## INFORMATION
________________
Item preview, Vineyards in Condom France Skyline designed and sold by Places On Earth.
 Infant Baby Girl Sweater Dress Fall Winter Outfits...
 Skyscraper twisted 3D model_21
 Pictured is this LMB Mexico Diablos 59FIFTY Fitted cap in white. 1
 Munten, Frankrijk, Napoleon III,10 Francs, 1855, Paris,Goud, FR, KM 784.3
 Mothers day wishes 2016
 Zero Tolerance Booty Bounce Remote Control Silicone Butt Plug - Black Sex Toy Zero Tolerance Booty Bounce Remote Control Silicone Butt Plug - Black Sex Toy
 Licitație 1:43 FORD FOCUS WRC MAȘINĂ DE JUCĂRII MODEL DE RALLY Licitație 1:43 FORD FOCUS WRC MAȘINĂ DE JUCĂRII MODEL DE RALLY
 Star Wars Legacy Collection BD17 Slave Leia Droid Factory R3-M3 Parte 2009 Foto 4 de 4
________________
Retype word for word everything in the listing above from the line that holds "Mothers day wishes 2016" down to the line that holds "DE RALLY Licitație". Keep both end lines and leave out the rest.

## FINISHED EXERCISE
 Mothers day wishes 2016
 Zero Tolerance Booty Bounce Remote Control Silicone Butt Plug - Black Sex Toy Zero Tolerance Booty Bounce Remote Control Silicone Butt Plug - Black Sex Toy
 Licitație 1:43 FORD FOCUS WRC MAȘINĂ DE JUCĂRII MODEL DE RALLY Licitație 1:43 FORD FOCUS WRC MAȘINĂ DE JUCĂRII MODEL DE RALLY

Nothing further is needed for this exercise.